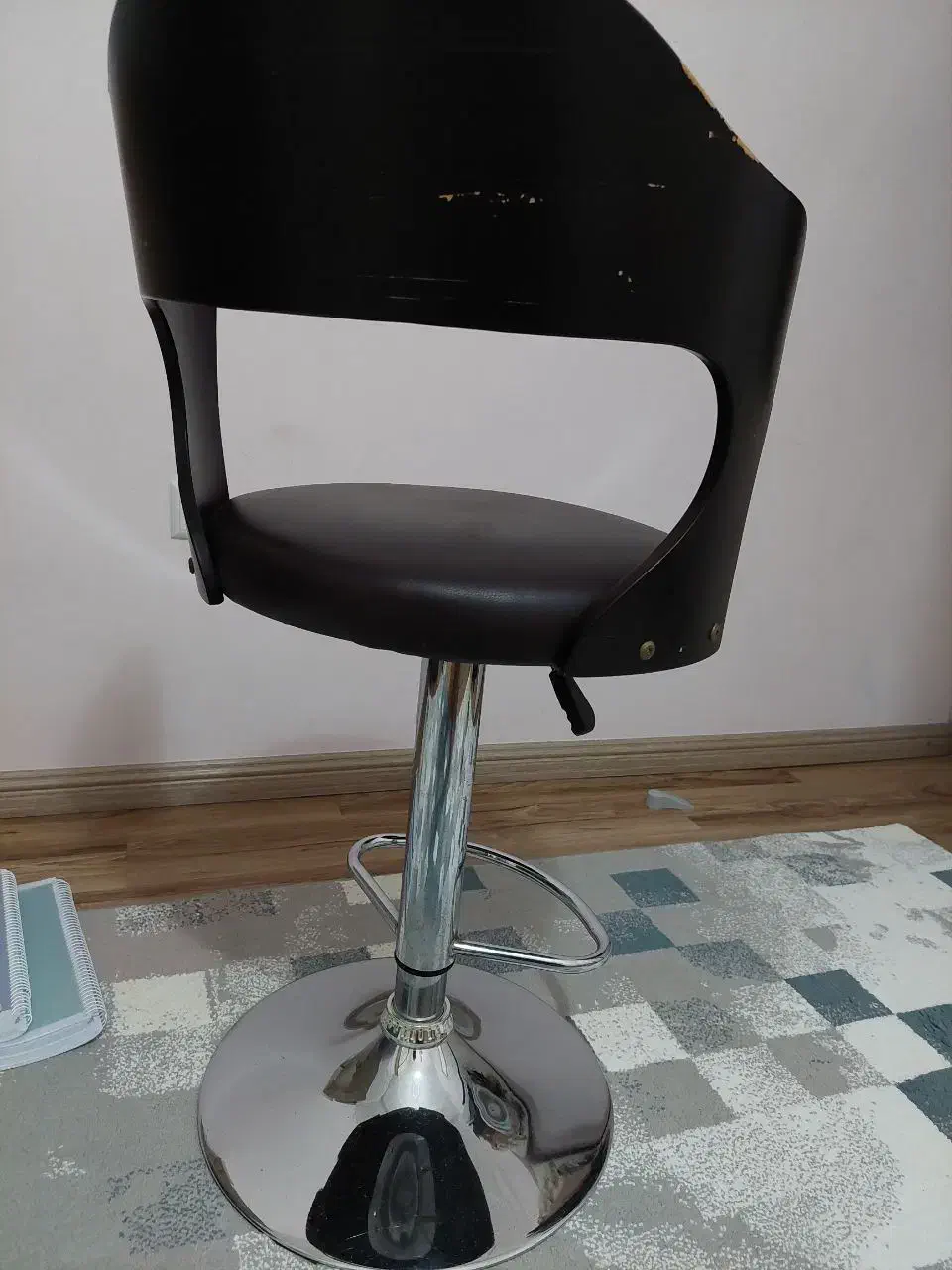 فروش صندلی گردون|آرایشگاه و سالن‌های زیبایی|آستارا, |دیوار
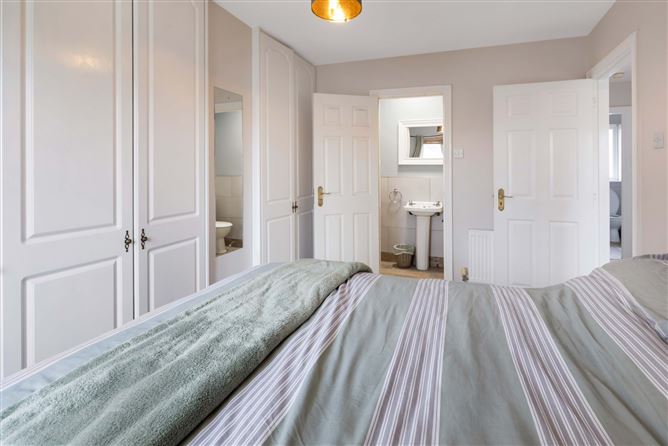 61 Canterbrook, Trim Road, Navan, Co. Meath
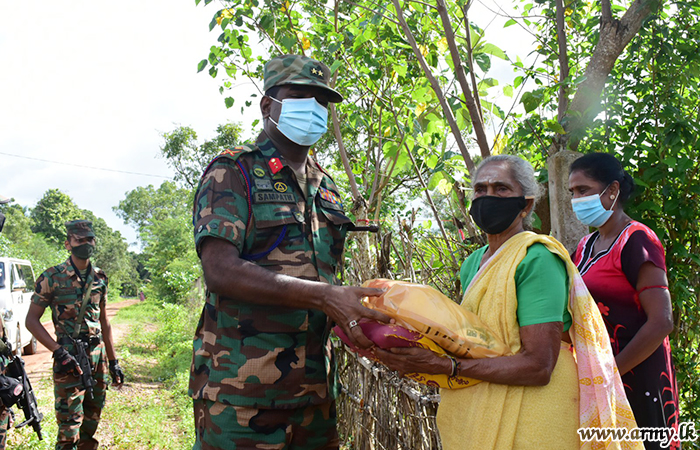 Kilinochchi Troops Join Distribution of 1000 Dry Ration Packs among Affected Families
···
▸ DIRECTIONS
Print the listing verbatim; no pictures.

▸ RESPONSE TO THIS TASK
 فروش صندلی گردون|آرایشگاه و سالن‌های زیبایی|آستارا, |دیوار
 61 Canterbrook, Trim Road, Navan, Co. Meath
 Kilinochchi Troops Join Distribution of 1000 Dry Ration Packs among Affected Families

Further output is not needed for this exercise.